YAKIMA - According to Columbia Legal Services, a farmer worker from Sunnyside, Washington and his union, “Familias Unidas por la Justicia, AFL-CIO (FUJ), filed a lawsuit and a motion for a temporary restraining order in federal court against the U.S. Department of Labor over lowered piece-rate wages. Tree fruit workers typically earn higher piece-rate wages.

“Instead of receiving a hazard pay increase for working during the COVID crisis, farm workers in Washington state may have their wages slashed for doing dangerous and essential work,” the legal group stated in a press release.

“Torres Hernandez and FUJ seek immediate declaratory and injunctive relief for DOL’s role in arbitrarily interjecting an “hourly wage guarantee” concept into Washington’s prevailing wage surveys. The flawed survey methodology, which mirrors changes advocated by the agricultural industry, watered down wages reported by growers; the prevailing wage was determined to be $12 per hour – $18 less than what Plaintiff Torres Hernandez normally earns on piece-rate wages picking cherries by the pound,” the legal advocacy group explained.

Columbia Legal Services says the flawed survey methodology could reduce poverty-level wages by an additional 30%.

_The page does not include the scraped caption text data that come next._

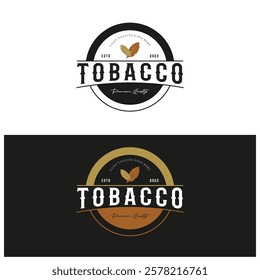 tobacco leaf logo,tobacco field and tobacco cigarette logo .With easy and simple editing.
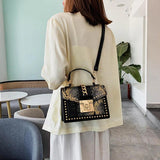 Snake Pattern Shoulder Bag Women Crossbody Messenger Handbag Clutch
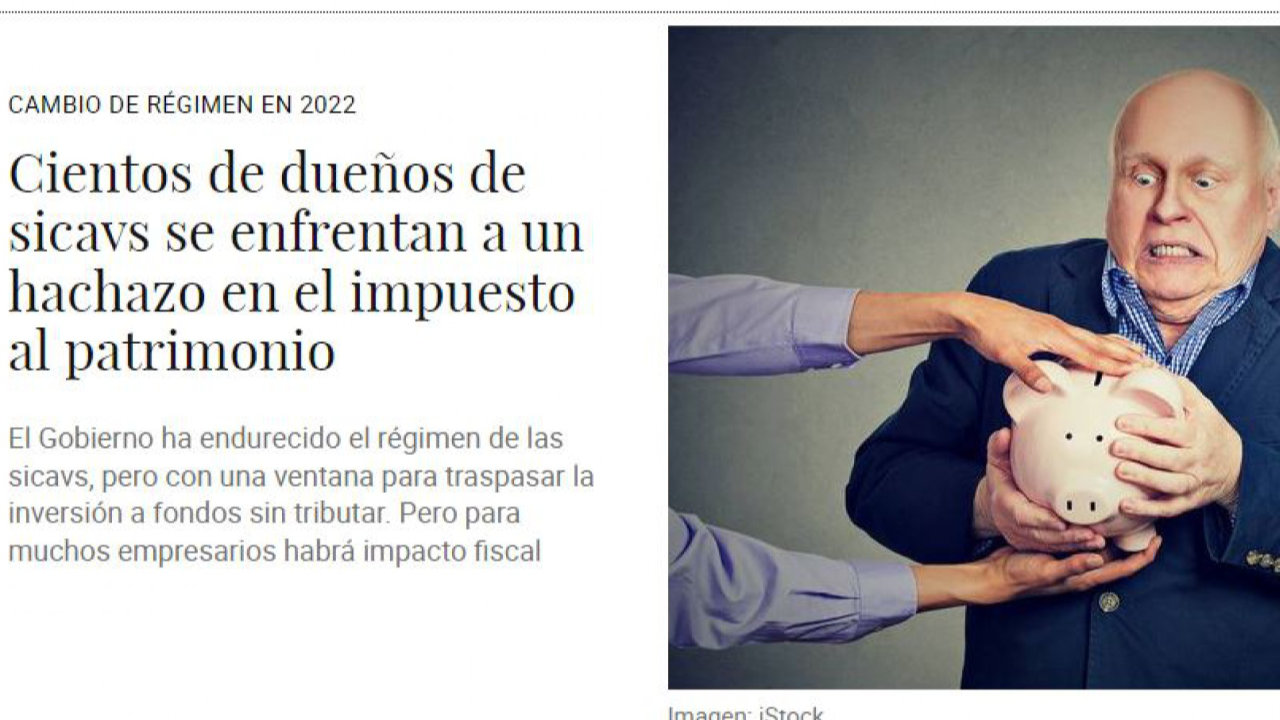 Opinamos en El Confidencial sobre el cambio de régimen de las SICAV en 2022. Foto 1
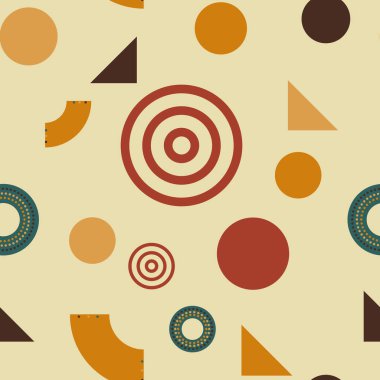 Temel şekiller kaotik seamless modeli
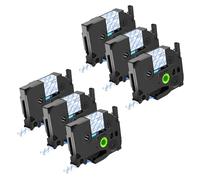 NineLeaf 6x Compatible for Brother TZ TZe-133 Transparent Ruban D'Étiquette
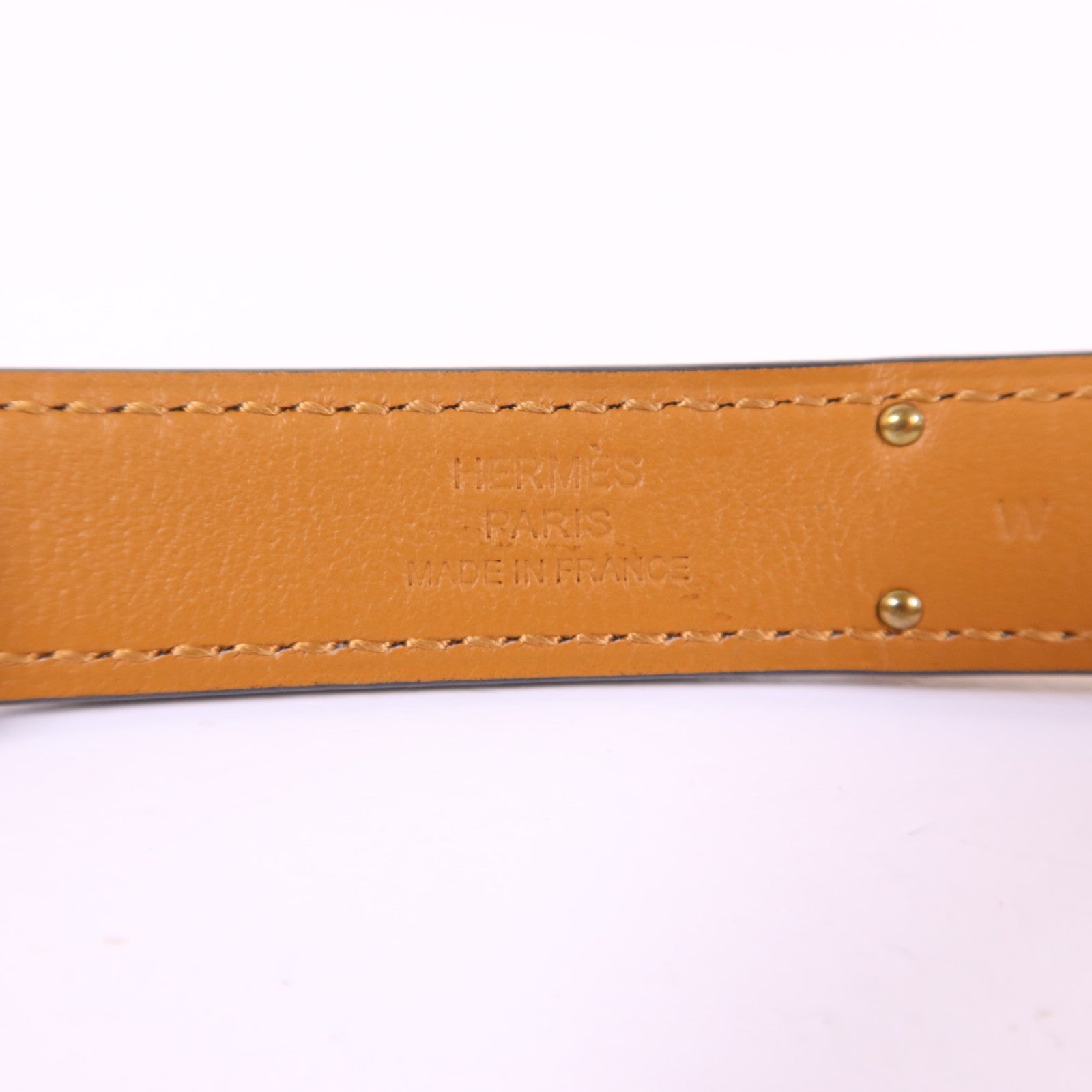 HERMES Epsom皮革Kelly 18 Belt金扣皮帶Etoupe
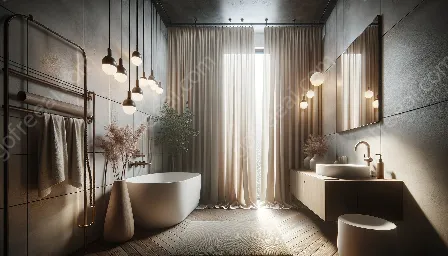 alternativas de cortinas de baño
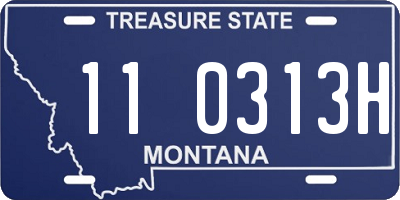 MT license plate 110313H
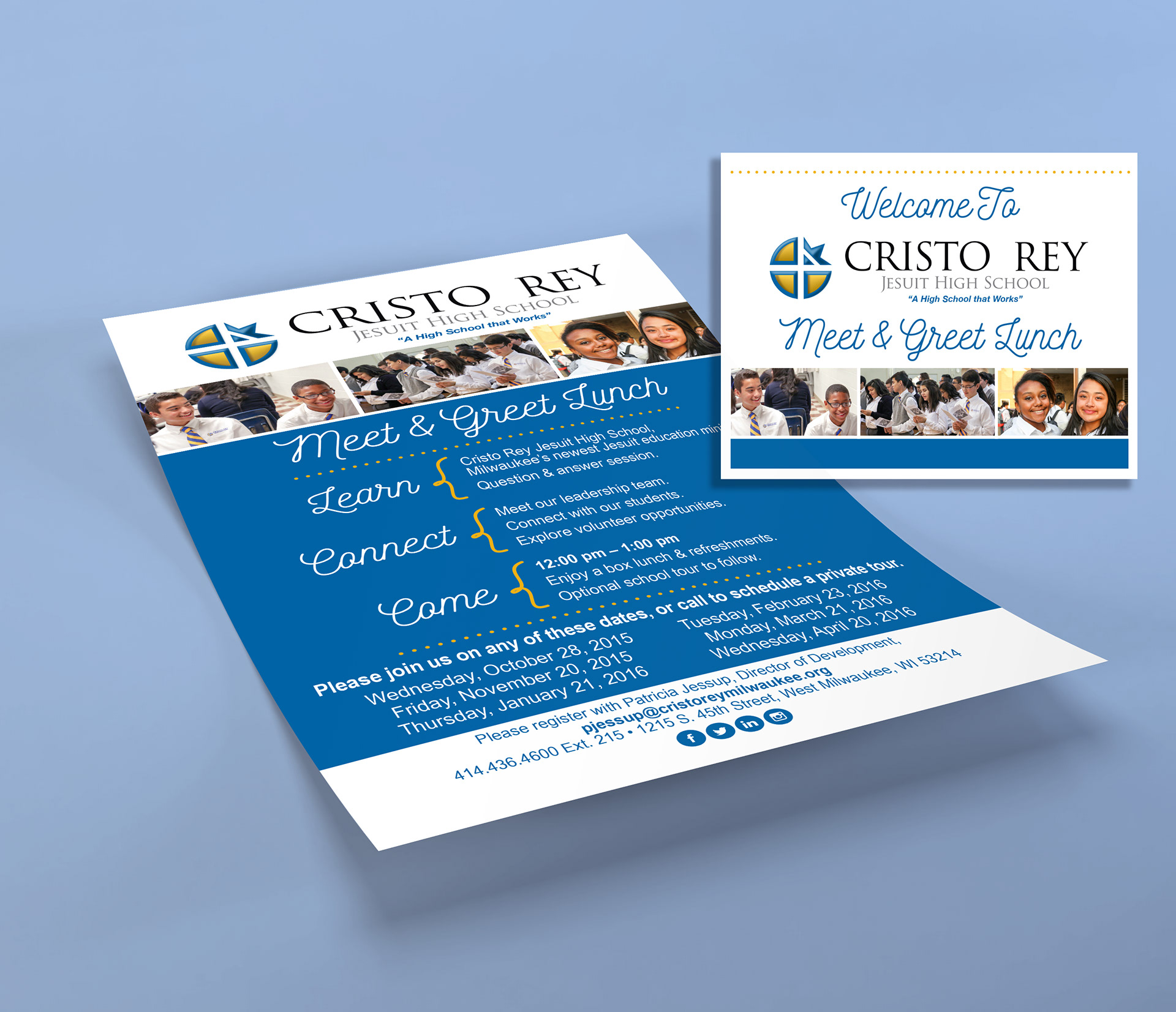 Donor flyer. Concept, Art Direction and Design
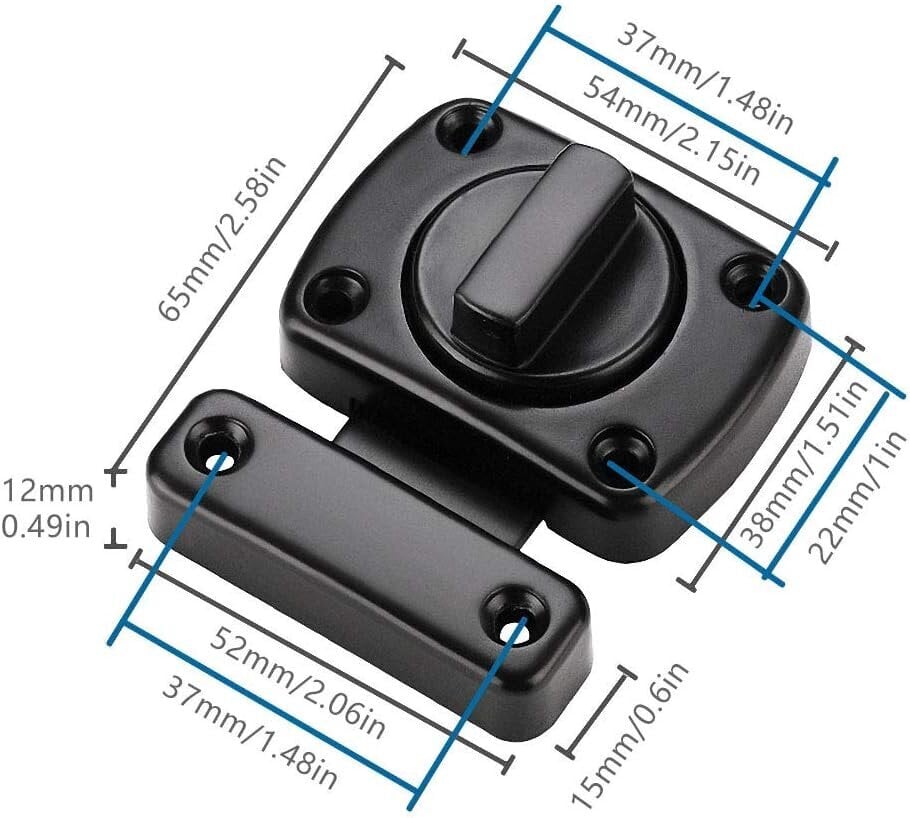 Pyörivä salpa / oven salpa / salpa / puutarhaportin salpa / ruostumaton teräs harjattu pinta / soveltuu useisiin oviin - musta hinta ja tiedot | Kylpyammeet | hobbyhall.fi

 “It is hard work but if I work fast, I can fill five bins of cherries in about eight hours and make more than $30 per hour,” said Torres Hernandez. “If I am paid minimum wage instead of a piece rate, I would lose over $3,400 each year.”

Lawyers representing the plaintiffs says the federal government should not be aiding the fruit industry when it has a duty to protect workers from practices that drive down wages.  

Plaintiffs are also represented in this case by Kathy Barnard of Barnard Iglitzin & Lavitt LLP.